My New View

By Kevin Ressler
Columnist

Last week there was a Letter to the Editor criticizing largely the entire Weathervane publication from two weeks ago. Upon arriving at my work, the writer switched from the individual to the systemic. It appeared to her three years of ineptitude as a writer instead of speaking only of my most recent article. Before I continue, I want to thank the writer of the Letter to the Editor quite sincerely. It is always frustrating writing without knowing what the readership thinks. I appreciate "Letters to the Editor" as well as personal emails as they help me adjudicate my thoughts and ideals.

After last week's "conservative hit job" on me, to quote the great Bill Clinton, I required methods of re-evaluation. After "reading my name in lights," so to speak, I decided how to improve myself. The main critique seemed to be against my dissent and lack of provided solutions. I am a proud liberal, and erudite political thinkers such as Ann Coulter and Bill O'Reilly, have clearly established such persons as inept whiners.

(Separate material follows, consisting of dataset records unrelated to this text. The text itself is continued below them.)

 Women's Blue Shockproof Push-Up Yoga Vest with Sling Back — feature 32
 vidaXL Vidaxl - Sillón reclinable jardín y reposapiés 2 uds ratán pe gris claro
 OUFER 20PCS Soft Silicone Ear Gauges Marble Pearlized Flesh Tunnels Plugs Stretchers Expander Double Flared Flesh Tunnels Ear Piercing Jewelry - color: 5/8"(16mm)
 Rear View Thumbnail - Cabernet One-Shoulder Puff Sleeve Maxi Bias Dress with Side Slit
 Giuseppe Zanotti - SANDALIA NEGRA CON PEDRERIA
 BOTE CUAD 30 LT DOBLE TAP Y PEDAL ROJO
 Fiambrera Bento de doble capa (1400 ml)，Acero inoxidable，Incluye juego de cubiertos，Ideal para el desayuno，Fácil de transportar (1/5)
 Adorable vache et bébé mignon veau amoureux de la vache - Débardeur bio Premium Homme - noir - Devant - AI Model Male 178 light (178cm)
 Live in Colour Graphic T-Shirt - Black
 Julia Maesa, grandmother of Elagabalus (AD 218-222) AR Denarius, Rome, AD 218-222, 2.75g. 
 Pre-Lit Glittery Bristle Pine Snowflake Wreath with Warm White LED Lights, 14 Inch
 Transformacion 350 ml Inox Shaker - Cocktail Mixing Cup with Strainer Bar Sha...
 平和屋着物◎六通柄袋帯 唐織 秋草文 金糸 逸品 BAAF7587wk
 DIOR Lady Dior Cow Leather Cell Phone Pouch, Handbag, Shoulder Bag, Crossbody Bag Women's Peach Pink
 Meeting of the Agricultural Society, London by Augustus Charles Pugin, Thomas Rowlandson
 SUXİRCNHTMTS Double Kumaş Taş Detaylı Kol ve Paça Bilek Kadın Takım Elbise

As an individual, I have difficulty accepting criticism. Therefore, I decided I no longer want to be one of what they have slanderously mislabeled. My beliefs are largely the core of my existence as they take on how I imagine the world should look like. They are a blueprint for my inevitable actions. As a result, I considered getting upset (a choice), I considered using my column to get vengeance (surprisingly tempting), I considered defending myself point by point with factual and statistical information (an article even I wouldn't read), then in the end I realized such petty responses are quite clearly against my belief system.

As the Venerable Bugs Bunny said, "If you can't beat them, join them." So, I did just that. This past week I looked at the world through...let us say different eyes. I changed my viewpoint and considered offering real changes. Liberal no more, I will not say who I tried this week to be, but all new changes would be in accord with my new ideology. Boy oh boy, was this not the week to become a conservative?

Does it not feel great? The "Me first" Christianity, the "I" centric politics, the tax cuts and military spending increases are typical, but this week, providing us with a slew of rhetoric to claim ,shows us as the ideology that does. That rascally Hugo Chavez came onto our soil and called our leader the devil. And while I skipped church for sleep on Sunday, I made sure to pray the same sterile two sentence prayer before dinner and bed all week. My new ideology is great, when you do not care for non-violent peace or equitable situations for all persons regardless of their race or social standing, prayer is easy and short. All you have to do is ask God to bless yourself and those you have deemed within your circle.

The advantages of my new ideology were not few and far between. While Chavez clearly meant more or less that Bush was acting like the devil and acting like hell on earth, such is just conjecture. No longer a liberal I have no need to defend the man for his rather unique worldview and anti-capitalist practices. Did you know he gave away 43 million gallons of oil to poor Americans last year? How dare he, we have spent countless years training the poor to accept their immorally forced disenfranchisement. He plans to double it this year. That is around 86 million barrels some elite American citizen could sell for scandalous profit.

I read all of this on the internet. This brought up an idea. Why in the world do the poor have equal access to the internet as the rich? This seems very dangerous to me. The internet is full of untampered truth. Look at me, I'm a middle class minority. What revolutions I might seed from the information I glean. I do not feel safe with it. There needs to be two internets or we must ban the poor from this one completely. With my new ideology, I am inclined to agree with a classmate's opinion from the other day: the only thing inefficient about the death penalty is that it is not used enough to eliminate undesirable elements of society, namely the poor and the mentally retarded.

Now that I am a good new Christian, the kind who supports the Greater Jerry Falwell, I can support the death penalty and war because all good Christians want the state of Israel to kick-start this hoot'n'nanny thing called "Armageddon." We can all start by stumping for Hillary Clinton because as our fearless leader Falwell says, "I hope she's the candidate, because nothing will energize my (constituency) like Hillary Clinton. If Lucifer ran, he wouldn't." So I guess anyway I turn, what I find is that I support Hillary Clinton and her crazy liberal cronies. Back to square one.